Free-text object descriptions
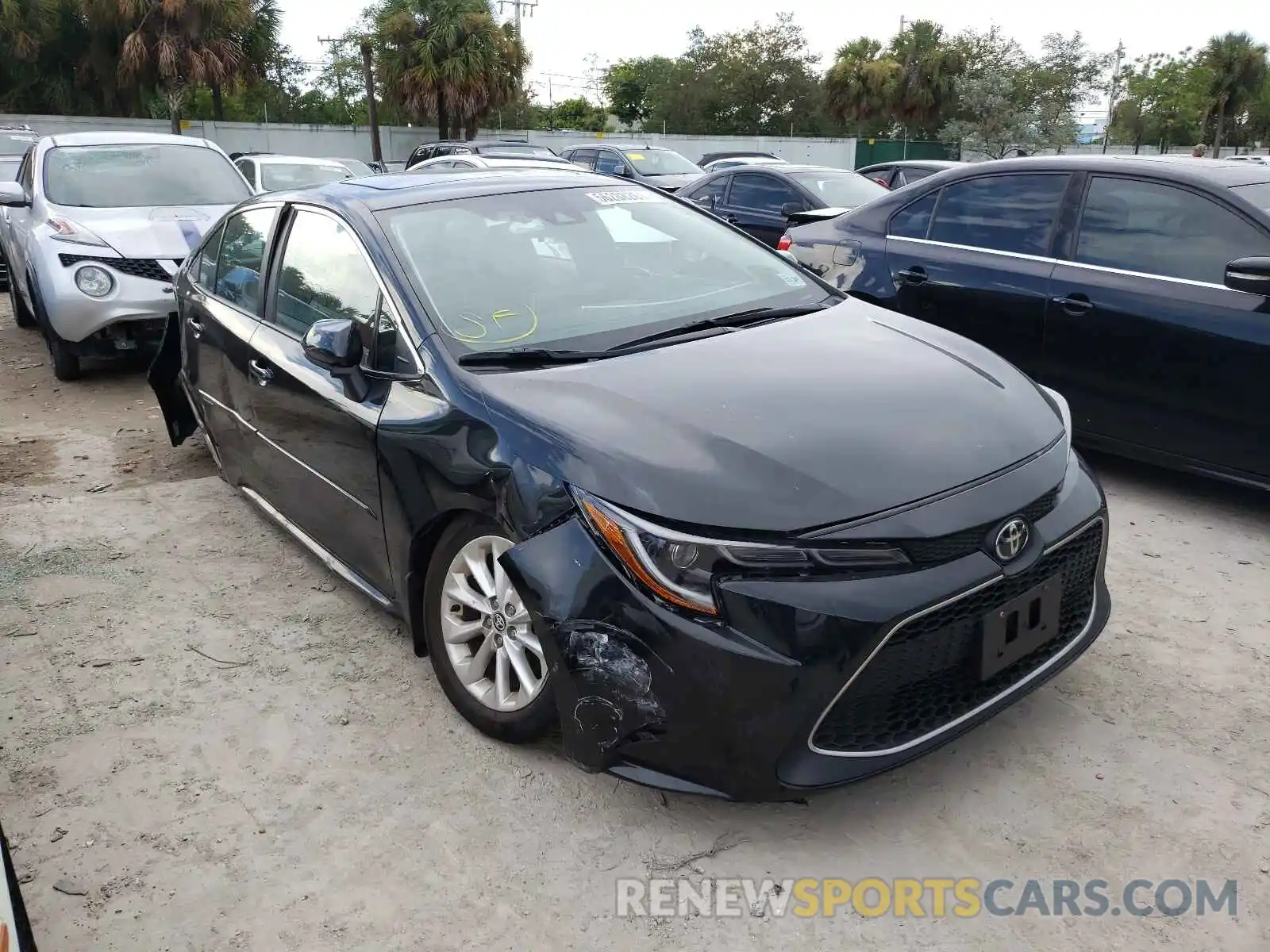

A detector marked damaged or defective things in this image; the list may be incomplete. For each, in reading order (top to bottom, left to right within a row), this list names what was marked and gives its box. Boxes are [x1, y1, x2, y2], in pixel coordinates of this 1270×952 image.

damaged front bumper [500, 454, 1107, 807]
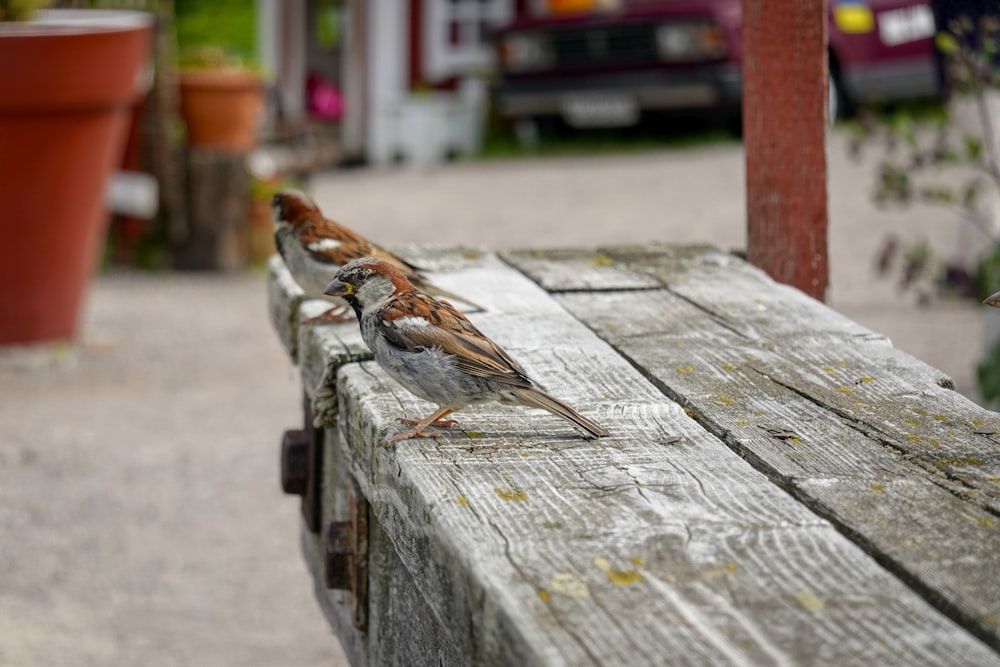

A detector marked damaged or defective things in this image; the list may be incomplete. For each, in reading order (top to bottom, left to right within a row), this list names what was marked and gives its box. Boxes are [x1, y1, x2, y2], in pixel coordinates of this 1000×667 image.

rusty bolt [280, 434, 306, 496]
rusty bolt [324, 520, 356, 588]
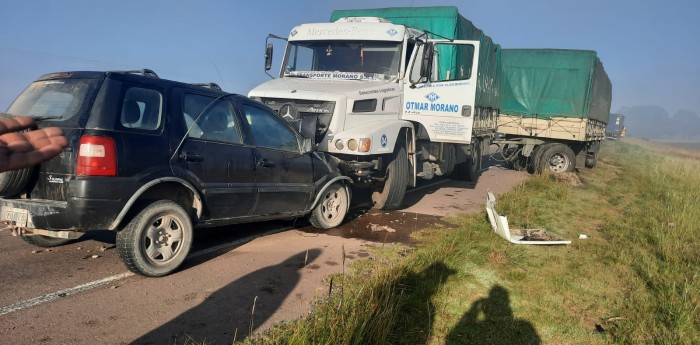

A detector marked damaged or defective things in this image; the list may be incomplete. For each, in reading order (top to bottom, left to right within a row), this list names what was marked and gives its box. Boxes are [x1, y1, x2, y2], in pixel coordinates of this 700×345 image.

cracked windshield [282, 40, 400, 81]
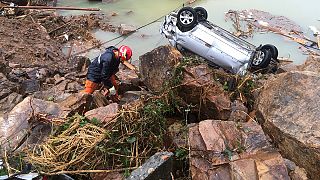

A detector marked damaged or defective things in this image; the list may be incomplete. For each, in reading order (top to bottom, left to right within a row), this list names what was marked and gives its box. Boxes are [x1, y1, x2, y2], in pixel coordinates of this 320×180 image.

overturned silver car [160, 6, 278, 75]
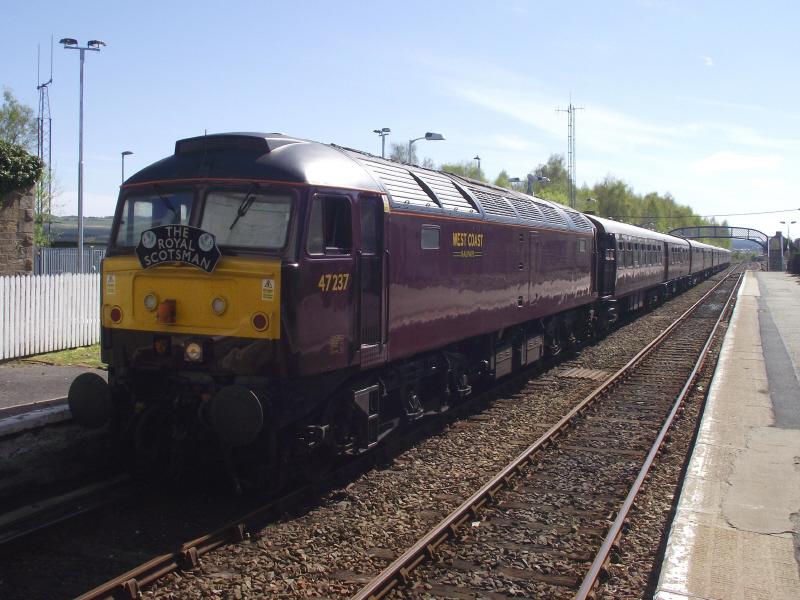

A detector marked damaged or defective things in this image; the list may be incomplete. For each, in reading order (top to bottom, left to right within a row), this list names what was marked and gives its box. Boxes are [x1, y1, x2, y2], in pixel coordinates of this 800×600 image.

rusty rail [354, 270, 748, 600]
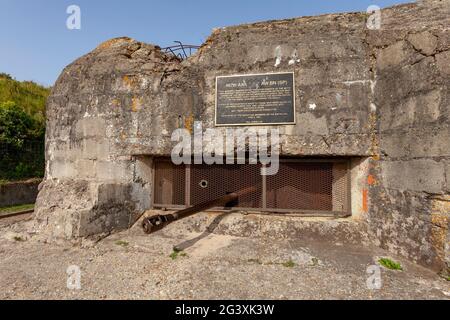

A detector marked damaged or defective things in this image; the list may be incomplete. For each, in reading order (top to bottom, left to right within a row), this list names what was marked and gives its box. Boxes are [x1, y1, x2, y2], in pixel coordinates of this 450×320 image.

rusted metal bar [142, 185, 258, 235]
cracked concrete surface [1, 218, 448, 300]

=== Directions ===
Exact lines, nothing more: output the one with "this 320×180 image." and every later line through the end of the data, skipping pictures.

=== Answer space ===
A detector marked damaged or defective things in this image; the list may be incomplete. For each, in reading order (top to bottom, left to right within a row), this list names what was marked and gives its box. Boxes are [x1, y1, x2, y2], in pixel coordinates of this 320×180 image.

overturned silver car [160, 6, 278, 75]

A detector marked damaged or defective things in this image; the list may be incomplete. For each, in reading order (top to bottom, left to right within a row), this list names what was marked and gives its box. Boxes are [x1, y1, x2, y2], in pixel coordinates of this 800×600 image.

rusty rail [354, 270, 748, 600]

A detector marked damaged or defective things in this image; the list may be incomplete. For each, in reading order (top to bottom, left to right within a row), this list names what was marked and gives its box. Boxes are [x1, y1, x2, y2], in pixel coordinates of this 450×320 image.

rusted metal bar [142, 185, 258, 235]
cracked concrete surface [1, 218, 448, 300]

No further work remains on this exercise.